Irish Porter

History by the Glass by | Jun 2012 | Issue #65

I was gutted when the Guinness archivist told me that I couldn’t look at their brewing records. How was I ever going to get evidence about Irish Porter and Stout? In particular, I wanted to find out how they differed from their London cousins.

I needn’t have worried. Two books reveal almost everything I want to know about Irish Porter brewing. The first is A Bottle of Guinness Please by David Hughes. Judging by the cover, it looks like a compilation of old Guinness advertising. But inside are the malt bills and hopping rates for all of Guinness’ beers in 1883.

65FermentedCulture2The difference with London Porter leaps right out: There’s no brown malt. London brewers stuck with a pale, brown and black malt blend right up until the 1960s. Where’s the roast barley? Guinness didn’t start using it until the 1930s.

The second book is an old brewing manual, written by Frank Faulkner in the 1880s. It contains a description of the brewing methods at a renowned Dublin Porter brewery. Faulkner carefully noted what made Dublin Porter unique:

• The water, which was soft.
• Enormous closed coppers, in which the wort caramelized.
• Long storage in vats.
• Careful blending.

Of those, the blending was the most crucial step to obtaining the Dublin flavor. It’s a surprisingly simple, yet flexible, method of producing beers of different qualities. Dublin brewers had three types of beer to blend. I’ll let Faulkner describe the first:

A Dublin brewer, we will say, brews in the season large quantities of a high-gravity stout at 32 to 35 lbs. [1089º to 1097º] saccharometer weight, this being stored in the immense vats mentioned for some twelve months, although it is possible that this period of storage varies according to the time when the matured flavour commences to develop, this matured heavy stout constituting, as I may describe it, the flavouring portion of the mixed or blended beer that is afterwards disposed of locally or exported.
The Theory and Practice of Modern Brewing by Frank Faulkner, 1888, page 262.

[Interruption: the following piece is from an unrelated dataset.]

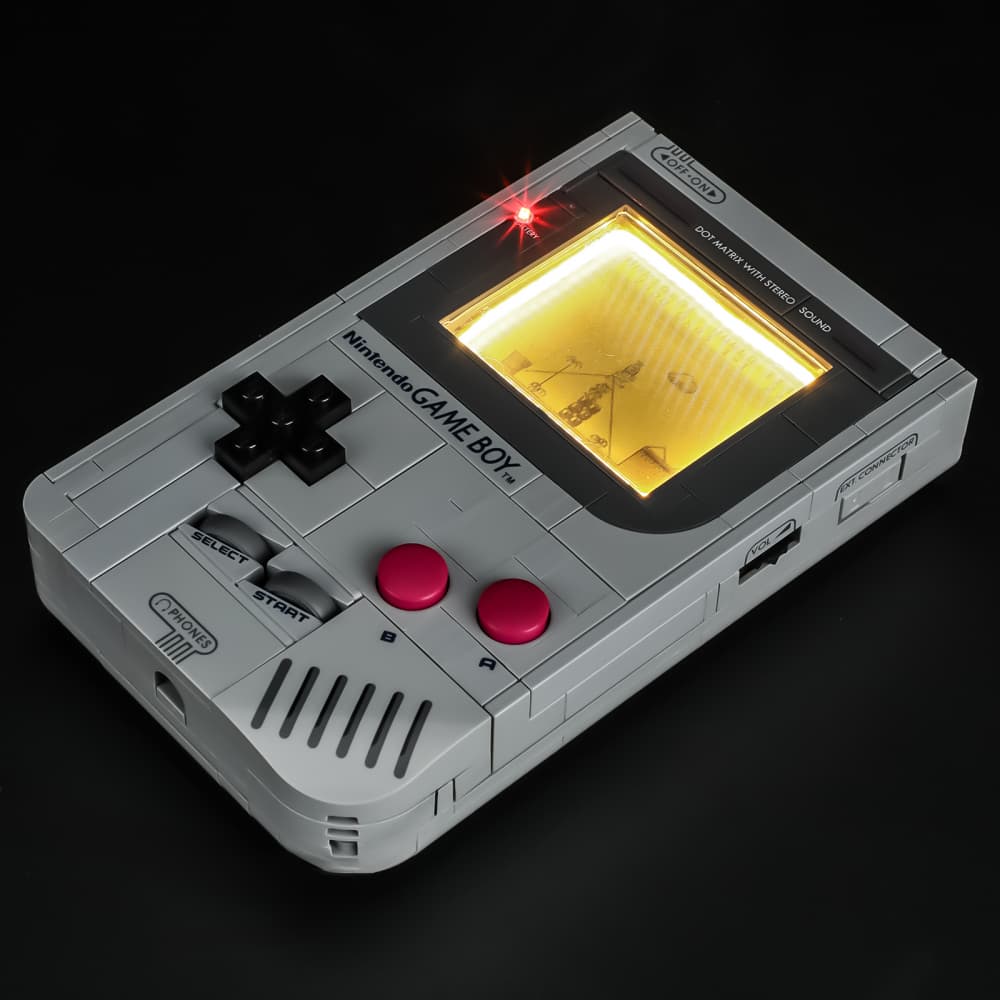 Briksmax 2.0 Light Kit for ELGO Game Boy 72046- 10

The second was standard Mild Porter, a beer which was brewed to be sold immediately without aging. The third is the oddest. I’ll let Frank do the talking again:

The “heading,” which, in several of the breweries, consists of a portion of very strong first wort partially fermented, say to half original gravity, and clarified to a definite extent by skimming.
The Theory and Practice of Modern Brewing by Frank Faulkner, 1888, page 262.

“Heading” is a type of priming, but instead of being a solution of sugar (about 1100º specific gravity), it’s partially fermented strong wort. Kräusening is a similar German technique.

By blending these three beers in different proportions, brewers could make a variety of different products. For example, a Porter to be sold locally on draft would be mostly Mild Porter with a little aged Porter for flavor and a good deal of heading to bring it quickly into condition. An Export Stout would have a large proportion of aged Porter and very little heading. Extra Stout would be somewhere between the two.

It echoes older London practice, where aged Porter would be mixed with Mild Porter. But by the 1880s, this method was as good as dead. Most breweries phased out their Keeping Porter in the 1870s. Only the stronger Stouts, which were brewed in relatively small quantities, were still vatted. Heading, however, was uniquely Irish.

The evolution and slow divergence of Irish Porter from the London original is a story that’s been repeated across the world. Displace a beer and, like a plant, it will adapt to its new environment. Just look at IPAs.